* _Your goal_: Please set down word for word every line from the one holding "A majestic snow" to the end of the data below, both included.

──────── Records provided

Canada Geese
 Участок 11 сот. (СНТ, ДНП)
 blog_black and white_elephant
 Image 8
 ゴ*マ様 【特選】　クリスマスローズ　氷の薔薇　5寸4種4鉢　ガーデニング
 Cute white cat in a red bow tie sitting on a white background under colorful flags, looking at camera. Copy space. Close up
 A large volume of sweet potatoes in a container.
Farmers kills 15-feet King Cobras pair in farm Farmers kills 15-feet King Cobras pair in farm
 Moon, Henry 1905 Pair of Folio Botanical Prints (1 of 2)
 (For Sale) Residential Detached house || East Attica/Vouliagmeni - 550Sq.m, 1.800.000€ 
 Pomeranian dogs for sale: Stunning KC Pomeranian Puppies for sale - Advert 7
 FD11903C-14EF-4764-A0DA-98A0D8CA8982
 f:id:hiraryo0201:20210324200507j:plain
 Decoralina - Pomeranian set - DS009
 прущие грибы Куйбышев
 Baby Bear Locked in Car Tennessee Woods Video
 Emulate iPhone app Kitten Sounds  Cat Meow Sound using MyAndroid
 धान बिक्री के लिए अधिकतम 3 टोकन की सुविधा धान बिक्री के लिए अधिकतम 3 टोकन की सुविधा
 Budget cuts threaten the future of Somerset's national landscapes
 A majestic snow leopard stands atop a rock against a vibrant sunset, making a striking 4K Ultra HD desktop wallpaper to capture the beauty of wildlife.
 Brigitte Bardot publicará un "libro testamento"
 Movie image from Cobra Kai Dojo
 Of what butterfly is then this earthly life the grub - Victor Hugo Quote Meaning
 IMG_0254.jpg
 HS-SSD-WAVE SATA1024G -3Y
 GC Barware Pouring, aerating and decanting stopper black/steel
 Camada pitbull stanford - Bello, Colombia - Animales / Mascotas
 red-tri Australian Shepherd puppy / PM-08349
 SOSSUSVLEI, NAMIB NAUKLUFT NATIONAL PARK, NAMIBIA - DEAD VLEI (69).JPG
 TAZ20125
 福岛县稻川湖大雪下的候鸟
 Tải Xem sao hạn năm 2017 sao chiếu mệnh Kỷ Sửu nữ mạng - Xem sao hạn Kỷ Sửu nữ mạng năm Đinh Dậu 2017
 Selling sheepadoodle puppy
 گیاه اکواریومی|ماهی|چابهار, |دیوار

────────────────

* _Finished exercise_:
 A majestic snow leopard stands atop a rock against a vibrant sunset, making a striking 4K Ultra HD desktop wallpaper to capture the beauty of wildlife.
 Brigitte Bardot publicará un "libro testamento"
 Movie image from Cobra Kai Dojo
 Of what butterfly is then this earthly life the grub - Victor Hugo Quote Meaning
 IMG_0254.jpg
 HS-SSD-WAVE SATA1024G -3Y
 GC Barware Pouring, aerating and decanting stopper black/steel
 Camada pitbull stanford - Bello, Colombia - Animales / Mascotas
 red-tri Australian Shepherd puppy / PM-08349
 SOSSUSVLEI, NAMIB NAUKLUFT NATIONAL PARK, NAMIBIA - DEAD VLEI (69).JPG
 TAZ20125
 福岛县稻川湖大雪下的候鸟
 Tải Xem sao hạn năm 2017 sao chiếu mệnh Kỷ Sửu nữ mạng - Xem sao hạn Kỷ Sửu nữ mạng năm Đinh Dậu 2017
 Selling sheepadoodle puppy
 گیاه اکواریومی|ماهی|چابهار, |دیوار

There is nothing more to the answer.